Web page caption snippets:

★ ★ ★

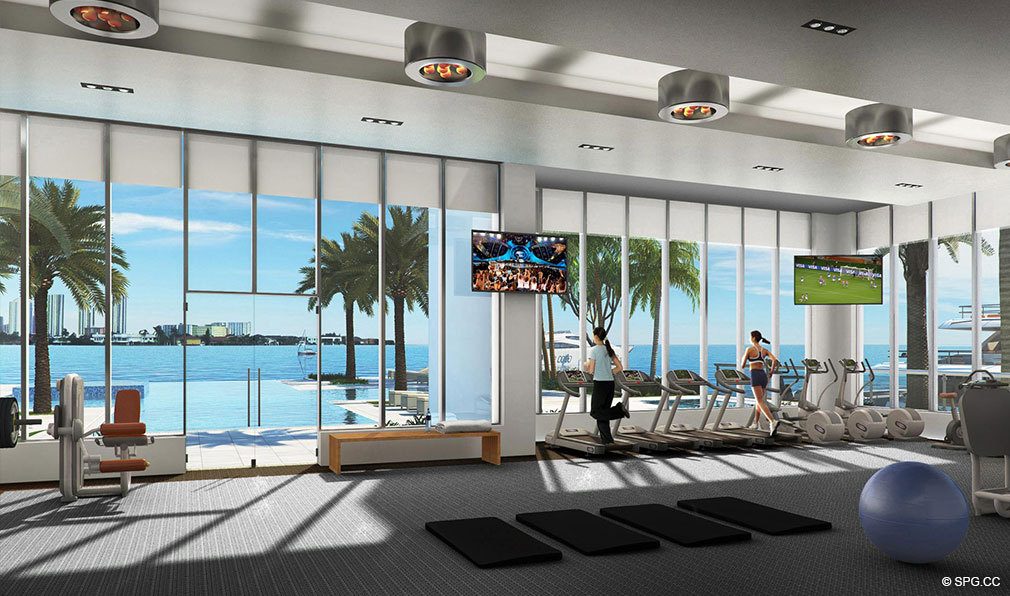 Marina Palms Yacht Club Gym, Luxury Waterfront Condominiums Located at 17201 Biscayne Blvd, North Miami Beach, FL 33160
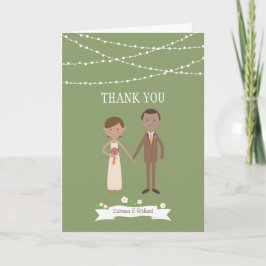 カスタムで図解入りの、写真付きのな漫画のカップルのポートレートの結婚式 サンキューカード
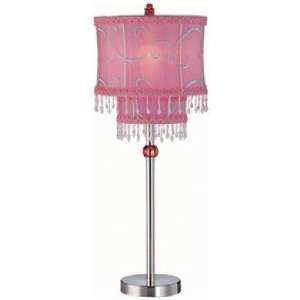   Source Twin Tier Beaded Pink Raspberry Table Lamp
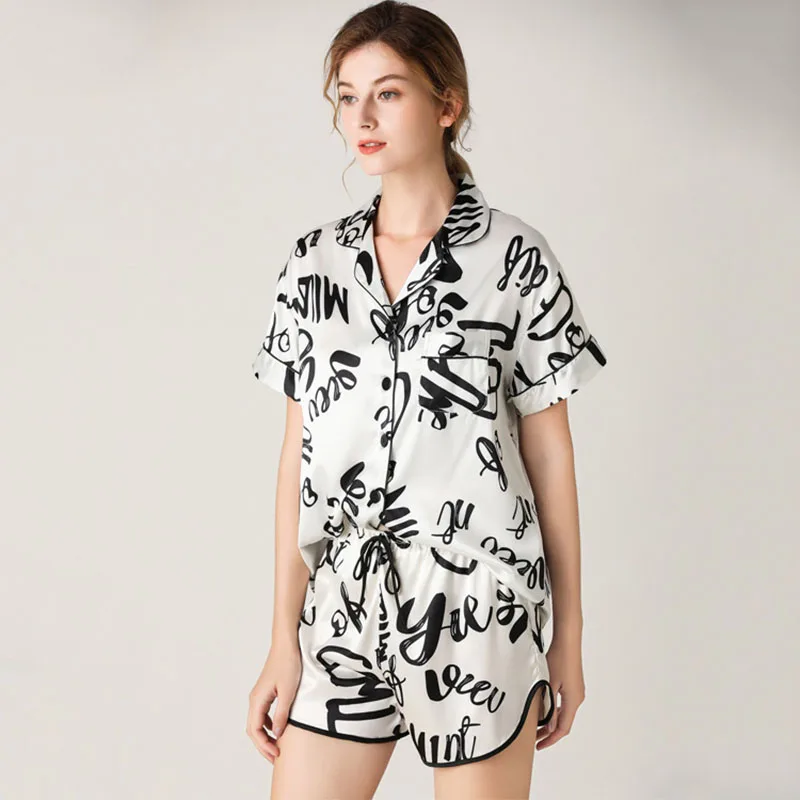 Women's Sleepwear 2 Pcs Sets Silk Printed Short Sleeve Shirt and Shorts Pajamas Set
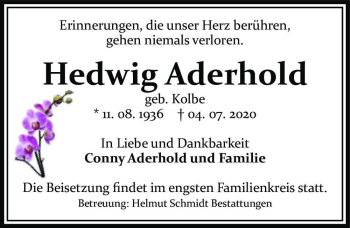 Traueranzeige von Hedwig Aderhold (geb. Kolbe)  von Magdeburger Volksstimme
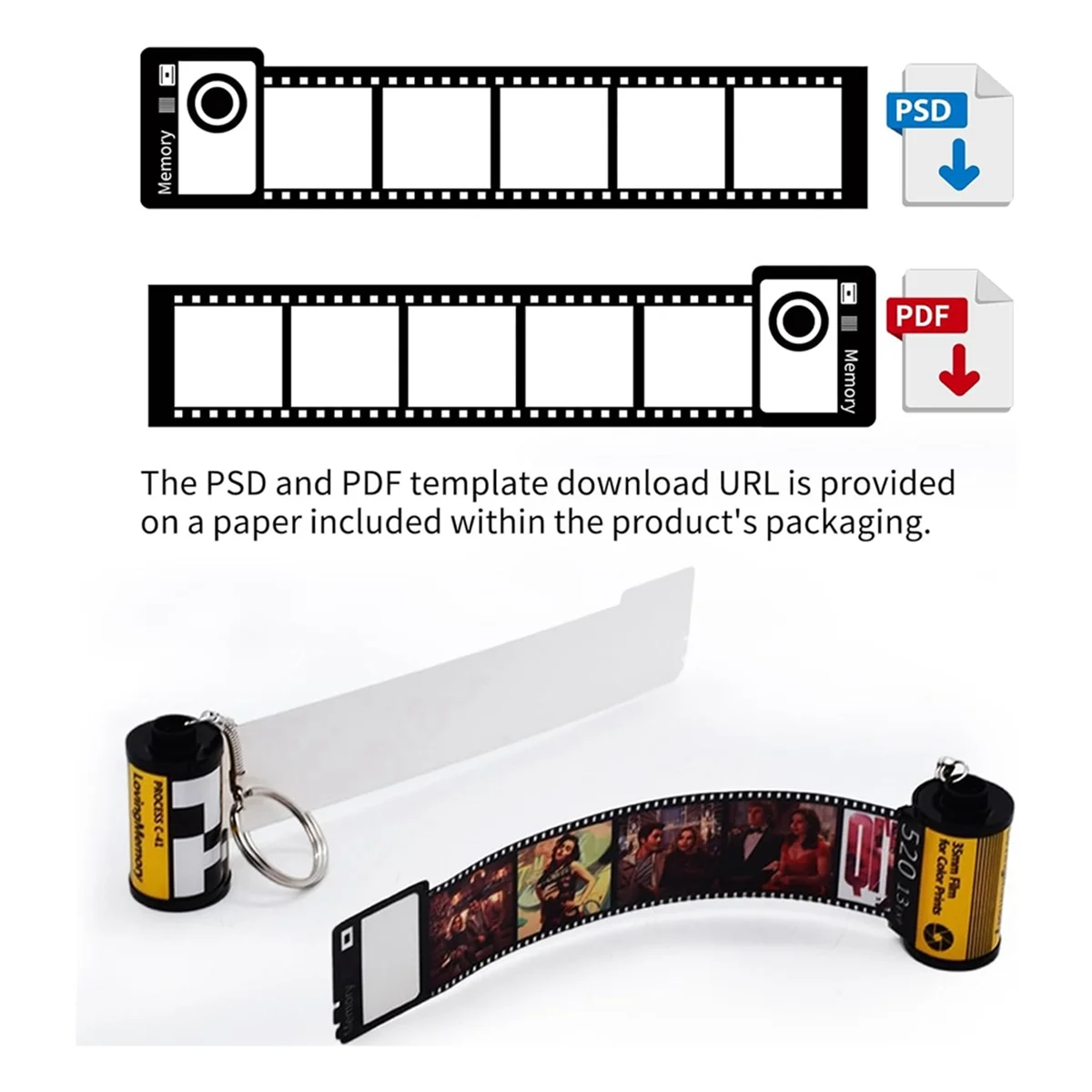 4 Pack Sublimatie Geheugenfilmrol Sleutelhanger, Dubbelzijdige Sublimatie Lege Camera Filmrol Sleutelhanger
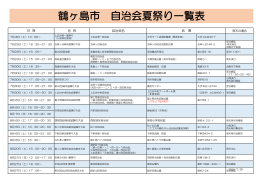 鶴ヶ島市 自治会夏祭り一覧表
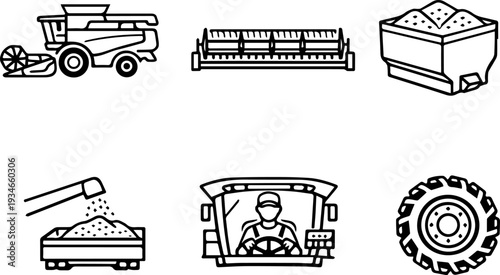 Agriculture harvest machinery outline icon set
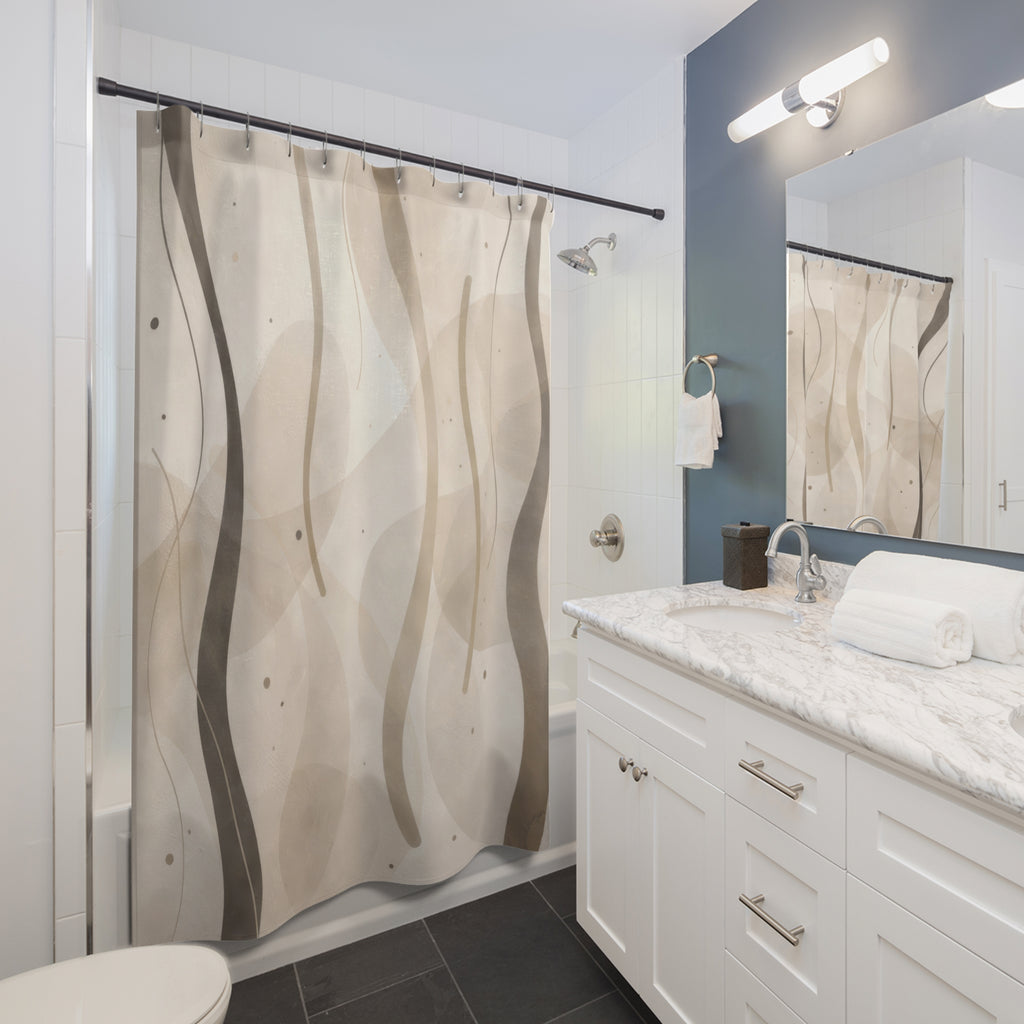 Abstract Wavy Line Shower Curtain – Beige Taupe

★ ★ ★

### EXERCISE OBJECTIVE
Every record above must be given again exactly; drop the pictures.

### RESPONSE BOX
 Marina Palms Yacht Club Gym, Luxury Waterfront Condominiums Located at 17201 Biscayne Blvd, North Miami Beach, FL 33160
 カスタムで図解入りの、写真付きのな漫画のカップルのポートレートの結婚式 サンキューカード
   Source Twin Tier Beaded Pink Raspberry Table Lamp
 Women's Sleepwear 2 Pcs Sets Silk Printed Short Sleeve Shirt and Shorts Pajamas Set
 Traueranzeige von Hedwig Aderhold (geb. Kolbe)  von Magdeburger Volksstimme
 4 Pack Sublimatie Geheugenfilmrol Sleutelhanger, Dubbelzijdige Sublimatie Lege Camera Filmrol Sleutelhanger
 鶴ヶ島市 自治会夏祭り一覧表
 Agriculture harvest machinery outline icon set
 Abstract Wavy Line Shower Curtain – Beige Taupe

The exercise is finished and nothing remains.